**WHAT IS REQUIRED**
Please set down exactly the lines from the one containing "韻味少婦戶外挑戰,塞著跳蛋逛商場,進廁所拉出跳蛋濕透了" through the last line of the records below, both included, with no pictures.

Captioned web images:
☆ ☆ ☆ ☆ ☆ ☆ ☆

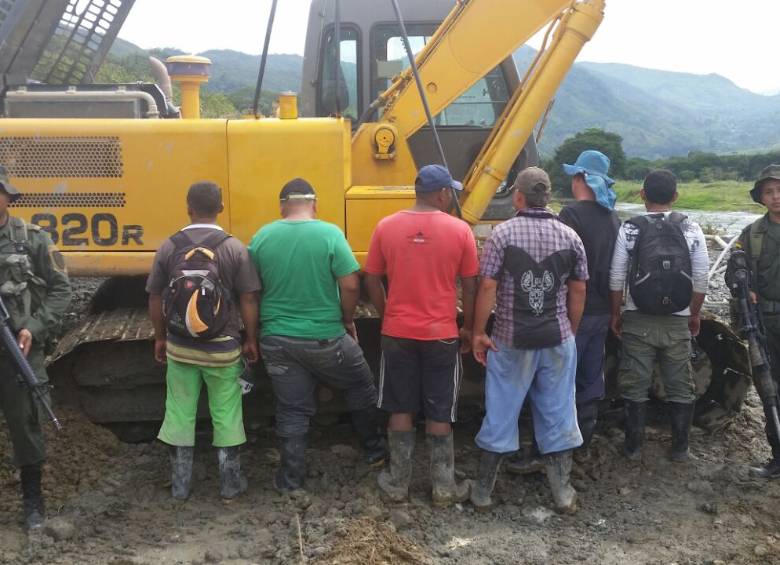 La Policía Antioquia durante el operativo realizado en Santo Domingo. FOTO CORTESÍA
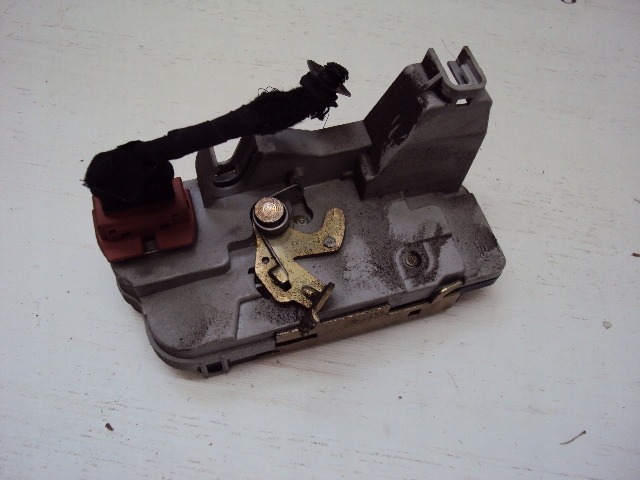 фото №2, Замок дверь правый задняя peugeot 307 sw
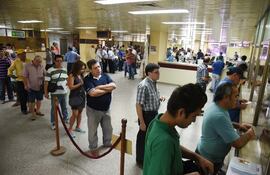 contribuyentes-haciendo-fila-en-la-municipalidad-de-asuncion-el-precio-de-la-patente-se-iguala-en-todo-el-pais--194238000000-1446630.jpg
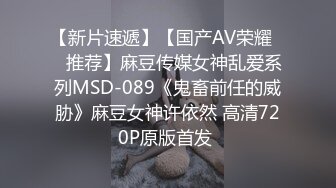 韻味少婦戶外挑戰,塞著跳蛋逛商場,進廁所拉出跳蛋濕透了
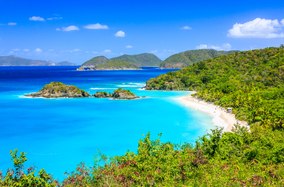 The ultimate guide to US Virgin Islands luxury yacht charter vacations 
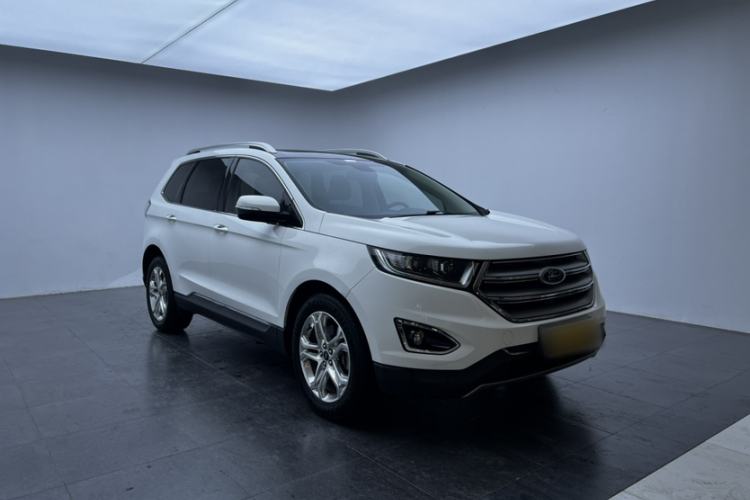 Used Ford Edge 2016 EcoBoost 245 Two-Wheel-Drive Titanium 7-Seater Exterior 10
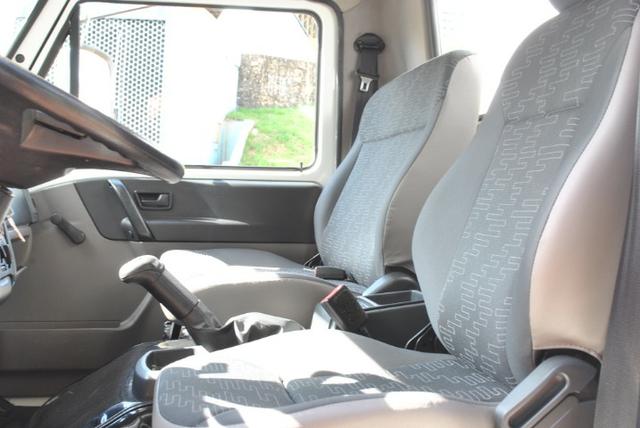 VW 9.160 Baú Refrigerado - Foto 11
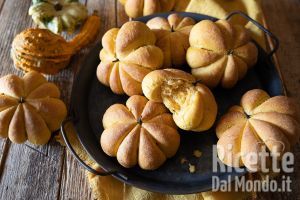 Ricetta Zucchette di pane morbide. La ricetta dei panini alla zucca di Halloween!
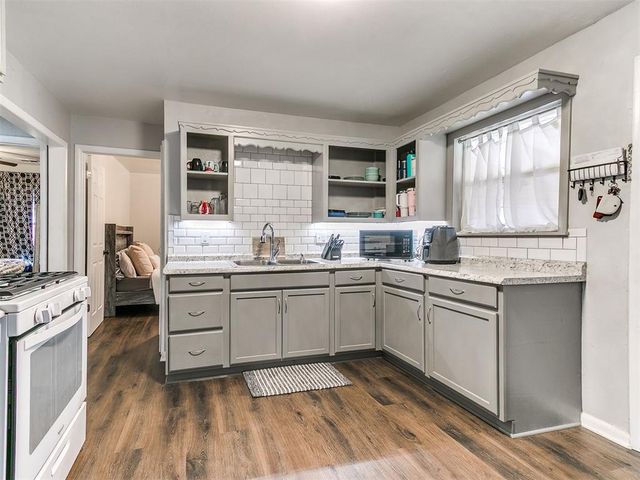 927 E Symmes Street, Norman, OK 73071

☆ ☆ ☆ ☆ ☆ ☆ ☆

**ANSWER TO THIS EXERCISE**
 韻味少婦戶外挑戰,塞著跳蛋逛商場,進廁所拉出跳蛋濕透了
 The ultimate guide to US Virgin Islands luxury yacht charter vacations 
 Used Ford Edge 2016 EcoBoost 245 Two-Wheel-Drive Titanium 7-Seater Exterior 10
 VW 9.160 Baú Refrigerado - Foto 11
 Ricetta Zucchette di pane morbide. La ricetta dei panini alla zucca di Halloween!
 927 E Symmes Street, Norman, OK 73071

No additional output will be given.